Hyperlipidaemia is common in both type 1 and type 2 diabetes.Raised plasma triglycerides and low levels of highdensity liproproteins(HDL) have been correlated with the development of diabeticnephropathy as well as with cardiovascular diabetic complications5,17,18. Triglycerideand cholesterol reduction, although important in reducing cardiovascular risk, has not been found to alter the progression of renal disease and the importance of hyperlipidaemia remains to be established in this respect.
The diabetic nephropathy management is done with medicines due to which kidneys are protected and the blood pressure is lowered. The kidney damage may be reversed and certain amount of urine can be found in the urine. If these medicines are used before the occurrence of nephropathy, it can be prevented in people who are having a normal blood pressure. The focus of the diabetic nephropathy treatment is on managing the high blood pressure and slowing down the progression of hypertension. The protein in the urine is also reduced. A customized treatment plan will also be received. These treatments will include:
- Management of proteinura;-The level of albumin can be reduced by medications. Albumin is a kind of protein. The kidney function can be improved.
- Management of high blood pressure:-The high blood pressure can be controlled by physical activity, diet and medications
- Controlling the blood sugar:-The blood sugar levels can be greatly controlled by physical activity, diet and medications.
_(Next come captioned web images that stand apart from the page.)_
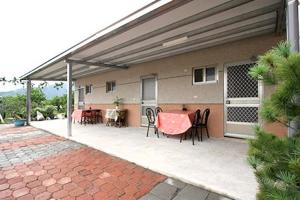 a patio with tables and chairs on a house at Ganoun Homestay in Meinong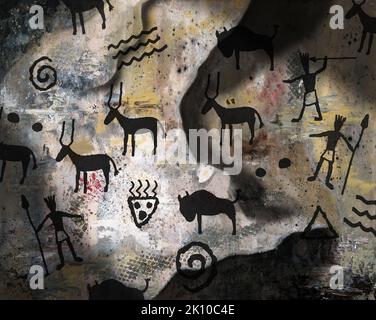 Prähistorische Tiere und Symbole schmücken die Innenwand einer Höhle. Stockfoto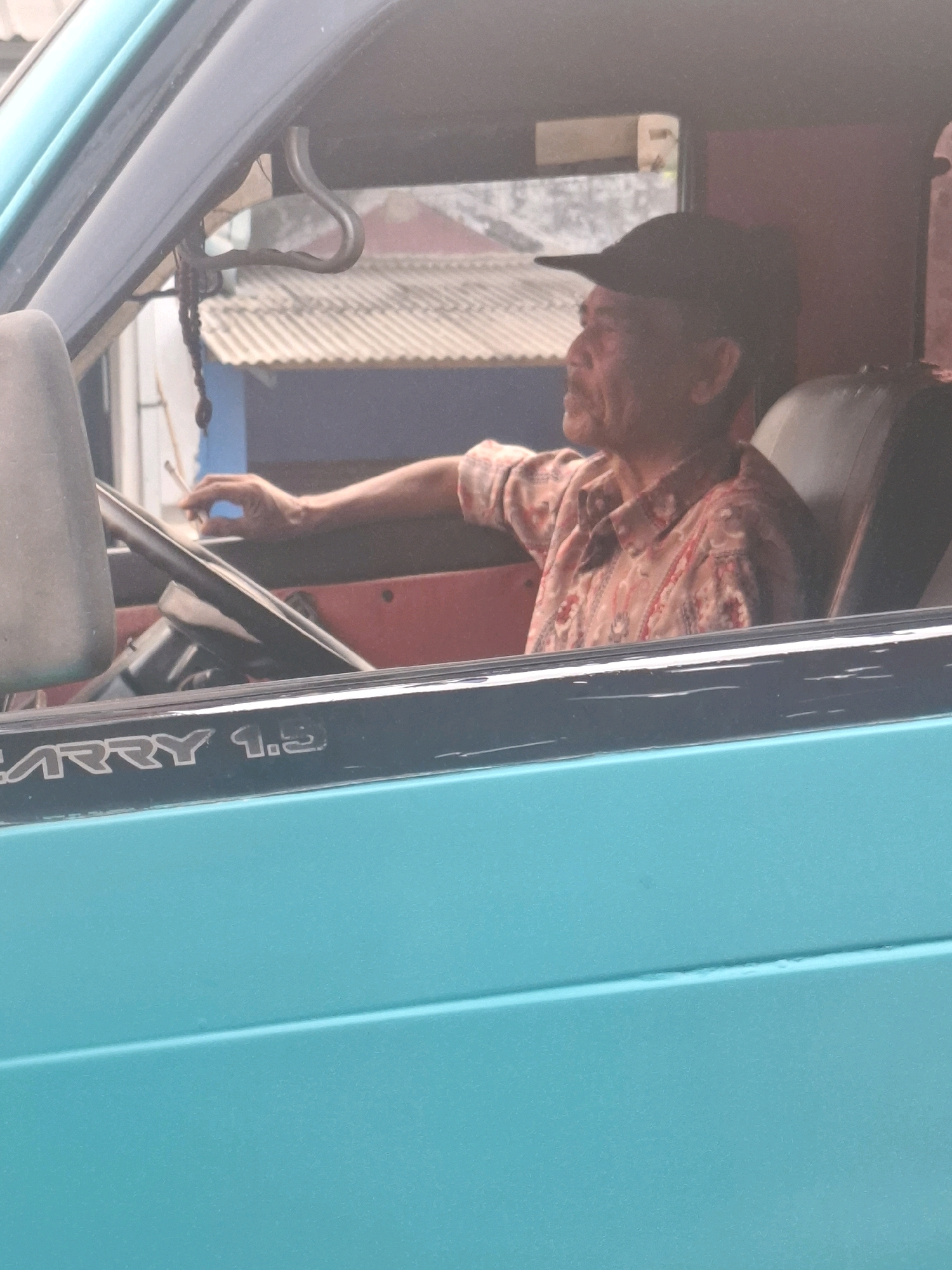 In Cijalingan, Indonesia, an elderly man with a cap is seated in the driver's seat of a turquoise vehicle. He is wearing a patterned shirt and is holding a cigarette in his right hand. The man is looking out of the vehicle's window. The vehicle's interior includes a steering wheel and part of a seat. Outside the vehicle, there are buildings with corrugated roofs. The phrase "CARRY 1.5" is visible on the side of the vehicle.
This is an effective diabetic nephropathy treatment.
- 4Medication review:-The current medications will be reviewed by the nurse specialists and nephrologists. The dosages may be adjusted and medications will be changed if necessary.
- Preventive measures for complications from the contrast dye studies :-Information will be received about the risk of increased kidney damage. These also include medical tests that will involve the use of contrast dye.
- Special plans for diet:-Nutrition advice and personalized dietary plan will be provided by the dietician. This will also include ways for including alcohol, caffeine, protein and salt.
- Treatment of anemia :-A person will be assessed for anemia. This also leads to the decrease in the number of red blood cells. The necessary medication is received.
- Bone health :-Medications and diet will help in managing the balance of calcium phosphate. This is very essential to maintain healthy bones.
- Anti- platelet therapy :-A low dose of daily aspirin may be prescribed by the doctor for preventing blood clots. This should be taken by a person till he doesn’t notice the side effects of aspirin.
- . Other lifestyle changes :- Information can also be provided about maintaining a healthy lifestyle. There are many programs such as weight management suggestions, exercise programs and programs for stopping smoking.